В заключительном стихотворении она с благородной простотой выбирает путь Марфы:
…Не сотрясая мирозданья
И неба не тревожа тишь,
Ты духа укрепляешь зданье
И дерево души растишь.
.............................
Работа лечит, как лекарство:
Вари, стирай да убирай,
Домашнее спасая царство,
Твори труда невидный рай.
Такой вот сделан дерзкий виток, а после него — возвращение, но уже на новый уровень. Но если такое понимание авторской задачи вытекает именно из композиционного построения, то в отношении поэтической манеры не все так уж очевидно. Поэкспериментировав на поле свободного стиха, автор вновь обращается к привычной силлаботонике, но теперь она почему-то выглядит слишком предсказуемой и однозначной. Слабеет подтекст, исчезает парадоксальность. Иногда рамки традиционной поэтики Елагиной мешают, и в пылу спора она позволяет себе то неточные рифмы (“правок — помарок”), то неуклюжие инверсии (“человечий неуместен где наряд”). Стихи ее очень логичны — излишняя линейность, не подкрепленная всем арсеналом “классики”, сушит их ткань. Нет здесь дальних ветвящихся ассоциаций, нет словесных неожиданностей. Такое впечатление, что Елагина, увлекшись смыслами, пренебрегает возможностями звука или в угоду ритму заполняет пространство провисающими строками: “Как песнь, что нежно нашептала муза, / в самозабвении смежив, как ангел, очи”.

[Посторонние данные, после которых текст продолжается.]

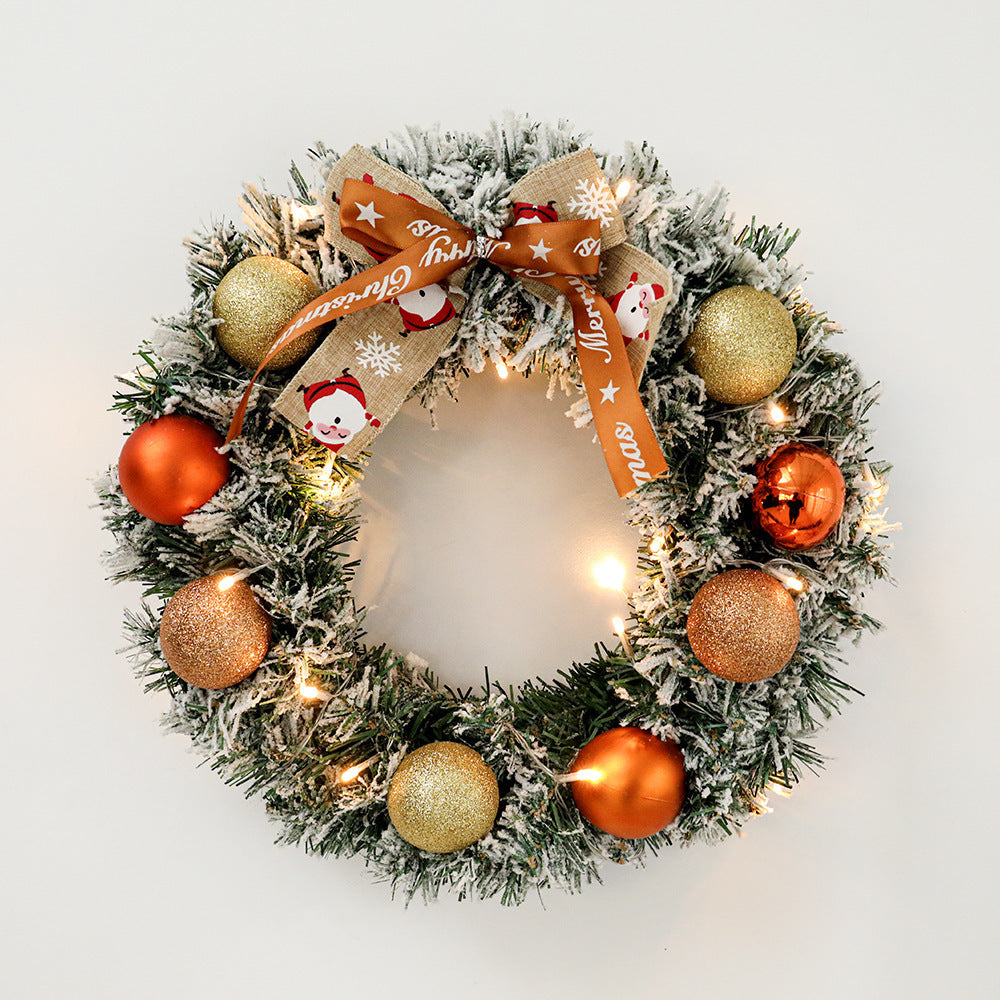 Decorative Christmas wreath with ornaments and a ribbon on a light background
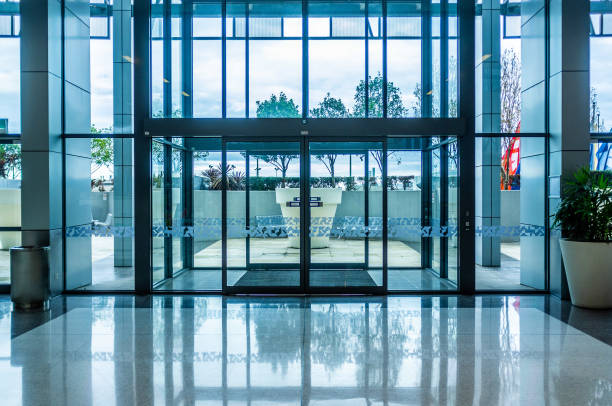 Glass automatic sliding doors entrance into shopping mall stock photo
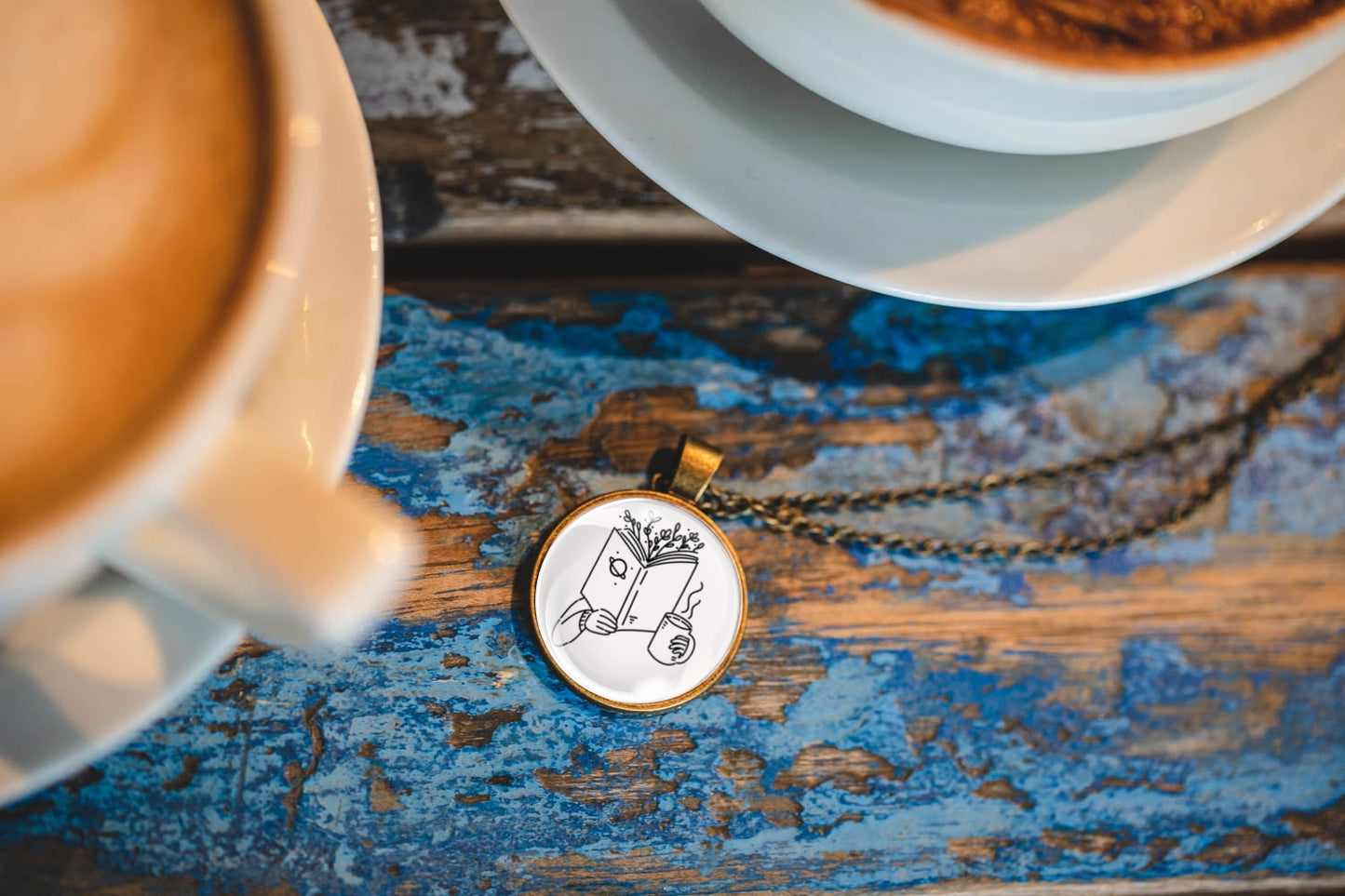 Necklace with a pendant featuring an image of a hand holding a book with branches coming out of the top and a cup, resting on a textured wooden surface with two coffees next to it.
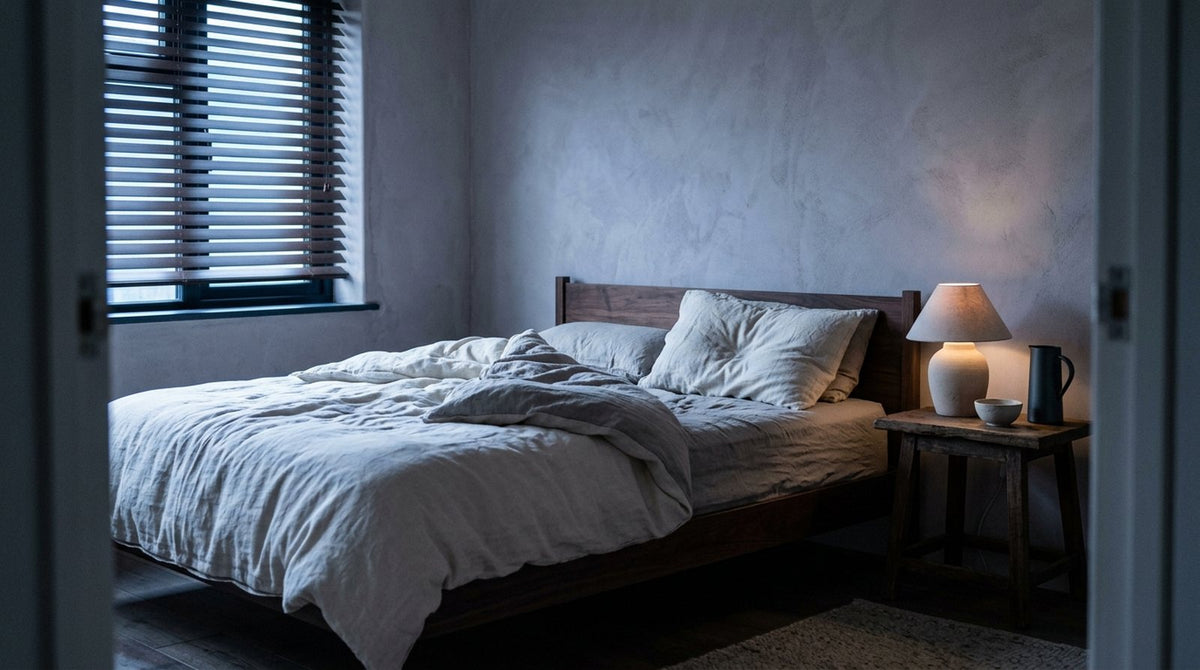 Dormitorio en tonos claros con una almohada cervical sobre la cama a primera hora de la mañana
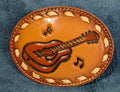 Brown leather belt buckle with guitar and music note design on a blue fabric background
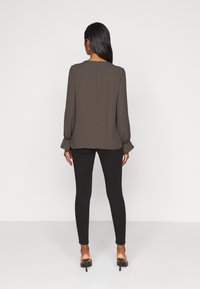 Blusa lunga marrone a maniche lunghe con polsini arricciati, abbinata a jeans skinny neri e tacchi. Tessuto liscio, vestibilità rilassata.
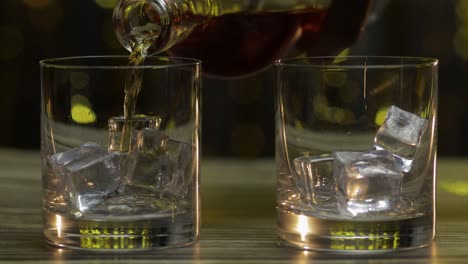 pouring of whiskey, cognac or brandy from bottle into glasses with ice cubes. shiny background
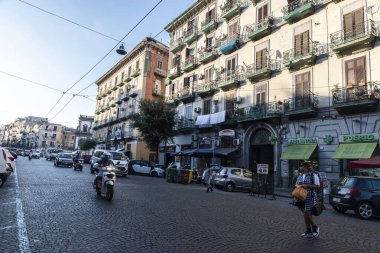 Naples, Italy - September 6, 2019: Street of old buildings with traffic and people around in the old town of Naples, Italy
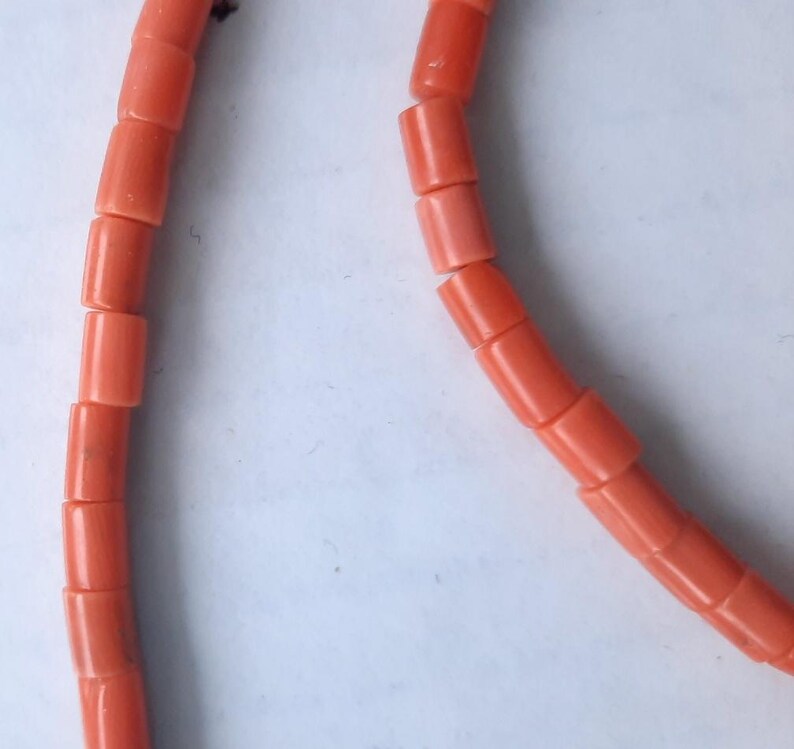 May include: Close-up of a coral necklace. The necklace features cylindrical beads in a vibrant, reddish-orange hue. The beads are strung together, creating a curved line against a white background. The coral beads are evenly sized and shaped.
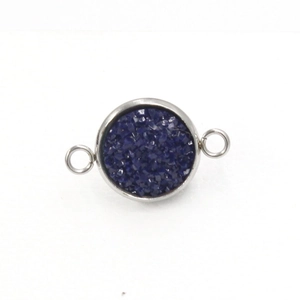 Detail van een ronde roestvrijstalen hanger met donkerblauwe glittersteen inleg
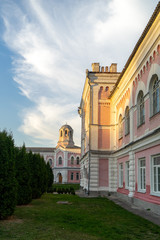 The old manor is a museum on a background of blue sky with beautiful clouds. Green lawn and well-groomed shrubs.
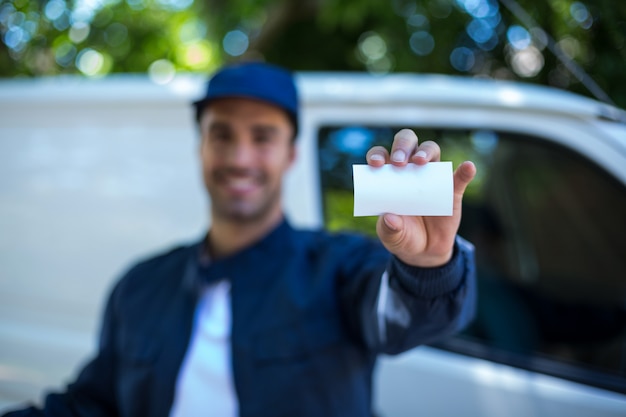 Smiling delivery man showing business card 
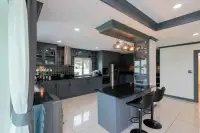 4 Bedroom House for Sale at Hill View Villas open kitchen with island, bar stools, and pendant lighting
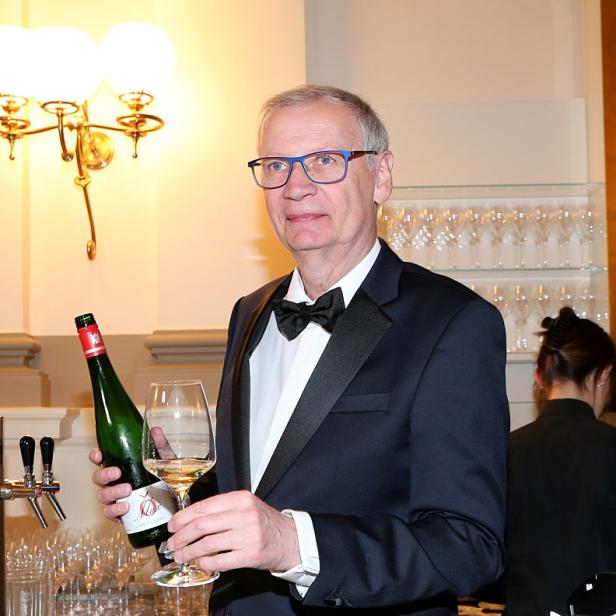 Günther Jauch im Smoking hält bei einem Empfang eine Weinflasche und ein gefülltes Glas in der Hand.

Правда, образность у поэтессы оригинальна, но что стоит за ней?
Душа гола, как кукла вуду.
И воет, воет ветр ночной...
Нестандартно? Да. Органично? Вряд ли (даже произнести сочетание
как-куктрудно). В некоторых стихах образы претендуют на оригинальность, но по существу пусты: “пейзаж с точки зрения леса” или “портрет с точки зрения носа”. Или: “Время — это Бог, неощущаемый, как чужие усы” — кажется, что неожиданное сравнение здесь просто подтянуто к рифме “часы”. Или почему сменивших коня ждет “улов” — тогда уж сменить надо было невод. Ее верлибры звучат свободней и чище.